Sunriseはモバイルとデスクトップの双方で、異なるプラットフォームのカレンダーを統合、同期して運用できる一連の生産性ツールを提供しており、iPhone、iPad、 Android、Mac App Storeに加えてウェブ版がサポートされている。

ユーザーはGoogle、iCloud、Microsoft Exchangeのカレンダーを通じてSunriseにアクセスできる他、多数のサードパーティーのアプリと連携が可能だ。このクロス・プラットフォーム、クロス・デバイスのサポートがSunriseの重要なセールスポイントとなっている。

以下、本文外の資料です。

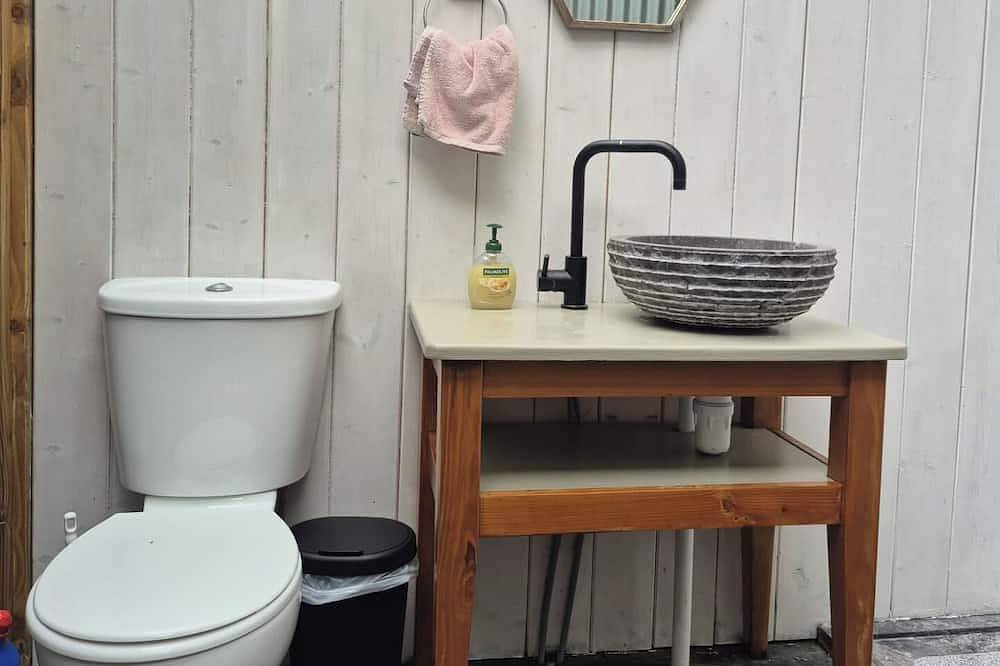 Unique Retreat Sleeps 2 with Hot Tub & Pets Ok in Glenagarriff, County Cork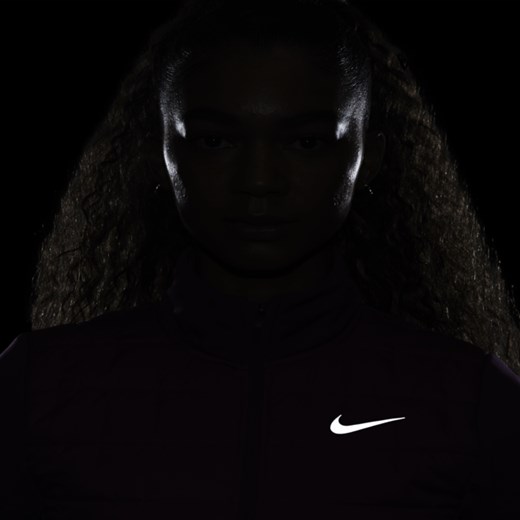 Damska kurtka do biegania z syntetycznym wypełnieniem Nike Therma-FIT - Fiolet Nike S Nike poland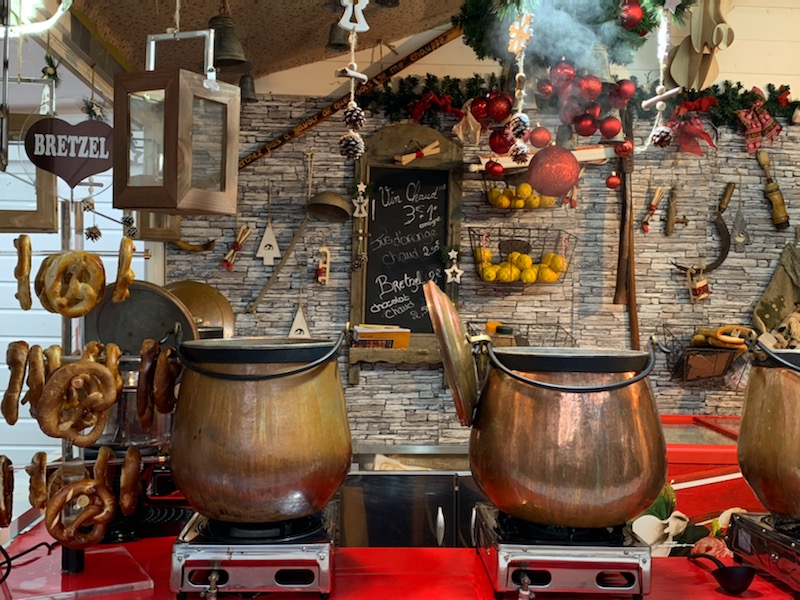 Venez vous promener sur le marché de Noël de #Rouen 🎄 autour du traditionnel vin chaud
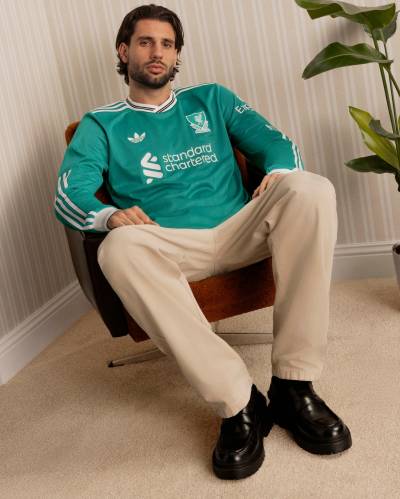 liverpool_25_26_adidas_third_kit_d.jpg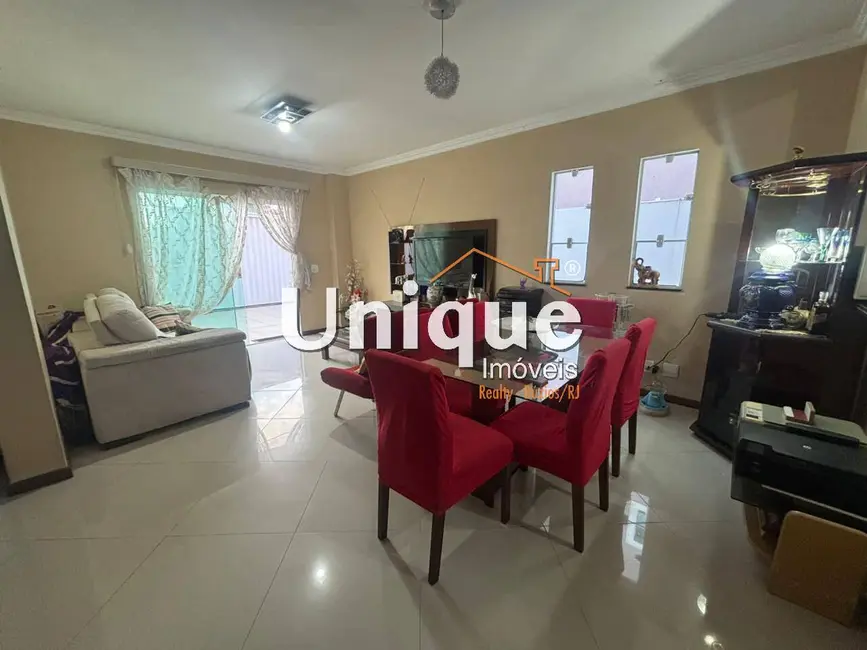 Foto 2 de Casa com 4 quartos à venda, 142m2 em Cabo Frio - RJ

Microsoftは最近、Windows以外のライバルのプラットフォームのサポートを積極的に進めている。たとえばWindows 10版に先駆けて、Apple iOS向けにタッチ・フレンドリーなOfficeをリリースしている。

われわれの情報源によると、Microsoftは当面Sunriseを独立のプロダクトとして残しながら、そのテクノロジーを将来のアプリ開発のために役立てるということだ。これはMicrosoftが2億ドルで買収したメール・アプリのスタートアップ、Acompliの場合と同様の方針といえる。この買収の成果は、先週発表されたAndroid版、iOS版の新しいOutlookに現れている。

この2件の買収はMicrosoftが伝統的なOfficeパッケージの枠を超えてモバイル版の生産性ツールに力を入れていることを示している。Microsofttはコンシューマ向け、エンタープライズ向けの双方でソフトウェアのスタンドアローン販売からクラウド・サービスへとビジネスモデルを戦略的に転換中だ。そのためには現代のスマートフォン・ユーザーがOfficeを毎日利用さざるを得ないように誘導していく必要がある。2件で合計3億ドルに上る買収はそのための不可欠な投資なのだろう。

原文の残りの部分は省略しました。